Afiliasi Asing : Manfaat atau Ketidak Kepercayaan Diri KAP Indonesia


Dalam UU No.5 Tahun 2011 tetang Akuntan Publik juga mengatur terkait kerja sama antar-Kantor Akuntan Publik (OAI) dan kerja sama antara KAP dan Kantor Akuntan Publik Asing (KAPA) atau Organisasi Audit Asing (OAA).

Dalam UU No.5 Tahun 2011 tetang Akuntan Publik juga mengatur terkait kerja sama antar-Kantor Akuntan Publik (OAI) dan kerja sama antara KAP dan Kantor Akuntan Publik Asing (KAPA) atau Organisasi Audit Asing (OAA). Sebagian AP begitu bangga berafiliasi dengan KAPA meskipun dalam pemantau saya di beberapa AP yang berafiliasi asing, ada beberapa hal yang tidak pernah terjadi.

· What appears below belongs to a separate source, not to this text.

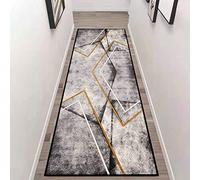 ZZUU Geometric Trellis Runner Rug,Rubber Backed Non Slip,Washable,Soft Touch Runner Rug For Living Room/Kitchen/Hallway/Bedroom/Corridor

  1. Tidak pernah ada panduan kertas kerja standar bersama
  2. Tidak ada Review mutu Berkala semisal tahunan
  3. Tidak ada Anual Meeting
  4. Tidak Sharing Client dari KAPA Affiliasi

melihat kondisi ini akhirnya saya bertanya, buat apa bayar per tahun hingga Rp 60.000.000 kalau tak ada Sharing Knowledge yang dapat meningkatkan kopetensi kita. Beberapa kawan AP yang saya tanya memiliki jawaban yang sama yaitu untuk meningkatkan daya jual karena klien-klien kita Indonesia ini kalau dengar afiliasi asing langsung percaya. Walau ada bebera afiliasi asing memang melakukan beberapa dari 4 point di atas akan tetapi sebagian besar tidak melakukannya.

Melihat dari sini saya dapat menyimpulkan secara pribadi, bahwa kita sudah lama di jajah sehingga rendah diri tidak mampu menjual diri dan kualitas pribadi sehingga harus cari branding asing meskipun disana juga kelas ruko. Mental klien yang sudah tertipu dengan berbau-bau asing juga memperkuat niat para AP ini untuk rela membuang uang membayar afiliasi tanpa manfaat yang jelas untuk peningkatan kualitas, asal bisa dilihat keren berafiliasi asing bagi mereka sudah cukup.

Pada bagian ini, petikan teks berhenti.